• TASK INSTRUCTIONS
The expected output is the data below, restated word for word.

• DATA BLOCK
○ ○ ○ ○ ○ ○ ○
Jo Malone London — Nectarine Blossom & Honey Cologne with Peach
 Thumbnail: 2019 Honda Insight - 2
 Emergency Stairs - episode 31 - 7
○ ○ ○ ○ ○ ○ ○
• RESPONSE BOX
Jo Malone London — Nectarine Blossom & Honey Cologne with Peach
 Thumbnail: 2019 Honda Insight - 2
 Emergency Stairs - episode 31 - 7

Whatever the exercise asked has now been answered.